• [Input material]
□ □ □ □ □ □ □
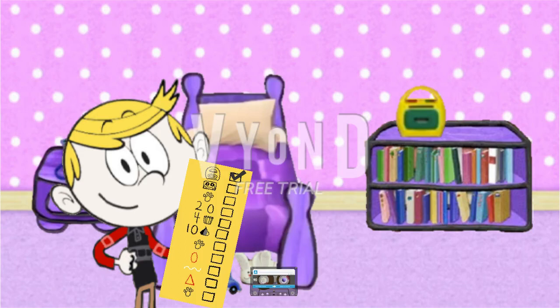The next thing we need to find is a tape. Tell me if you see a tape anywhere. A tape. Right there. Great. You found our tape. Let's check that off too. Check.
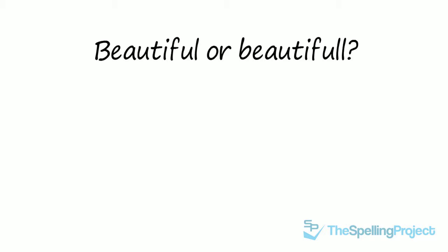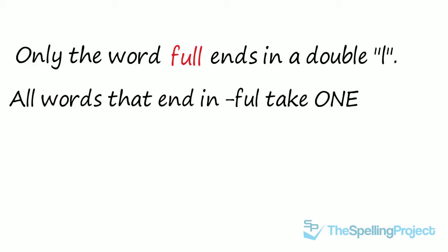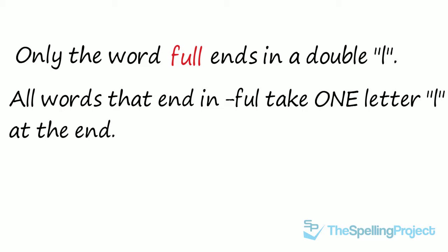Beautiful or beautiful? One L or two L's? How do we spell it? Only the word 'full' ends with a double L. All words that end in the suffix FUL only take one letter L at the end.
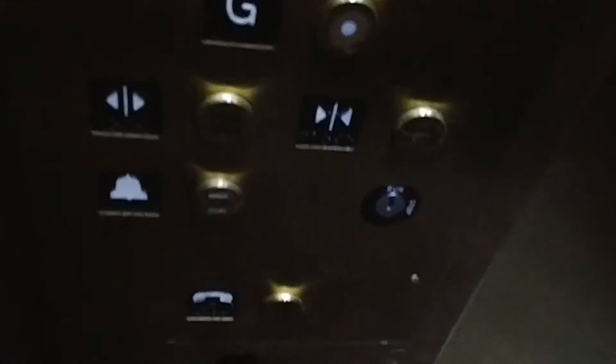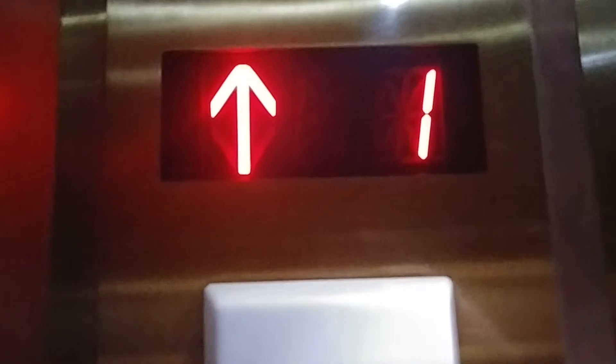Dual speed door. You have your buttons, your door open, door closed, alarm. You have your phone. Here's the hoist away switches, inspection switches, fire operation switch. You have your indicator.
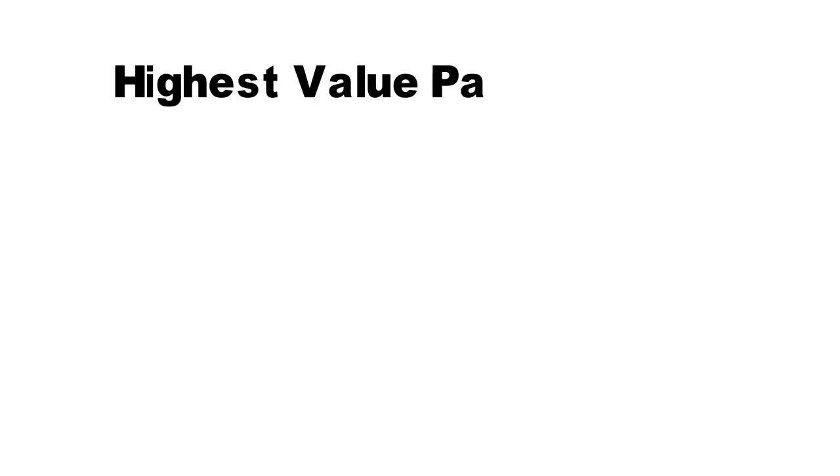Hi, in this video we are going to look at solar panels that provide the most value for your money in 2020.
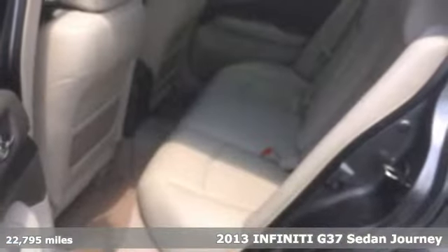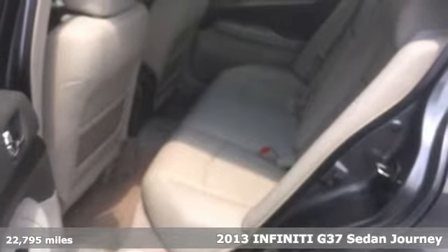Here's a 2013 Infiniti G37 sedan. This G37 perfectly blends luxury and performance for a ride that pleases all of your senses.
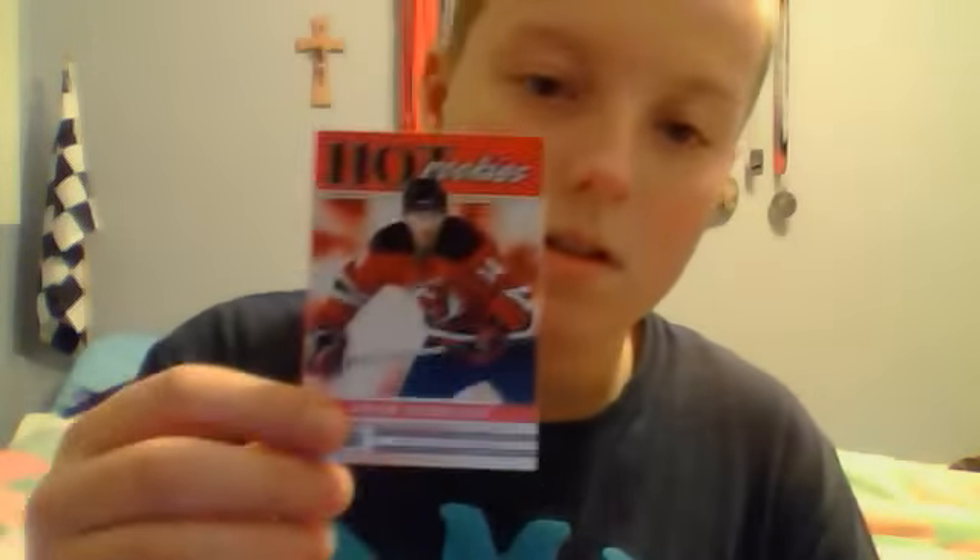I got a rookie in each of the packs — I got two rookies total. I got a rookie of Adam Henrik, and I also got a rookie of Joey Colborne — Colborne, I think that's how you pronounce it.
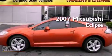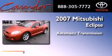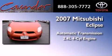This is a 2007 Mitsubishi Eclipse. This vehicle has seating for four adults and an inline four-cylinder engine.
□ □ □ □ □ □ □
• [Exercise requirements] Each record must be repeated verbatim, and no picture may appear in the copy.

• [Answer below]
The next thing we need to find is a tape. Tell me if you see a tape anywhere. A tape. Right there. Great. You found our tape. Let's check that off too. Check.
Beautiful or beautiful? One L or two L's? How do we spell it? Only the word 'full' ends with a double L. All words that end in the suffix FUL only take one letter L at the end.
Dual speed door. You have your buttons, your door open, door closed, alarm. You have your phone. Here's the hoist away switches, inspection switches, fire operation switch. You have your indicator.
Hi, in this video we are going to look at solar panels that provide the most value for your money in 2020.
Here's a 2013 Infiniti G37 sedan. This G37 perfectly blends luxury and performance for a ride that pleases all of your senses.
I got a rookie in each of the packs — I got two rookies total. I got a rookie of Adam Henrik, and I also got a rookie of Joey Colborne — Colborne, I think that's how you pronounce it.
This is a 2007 Mitsubishi Eclipse. This vehicle has seating for four adults and an inline four-cylinder engine.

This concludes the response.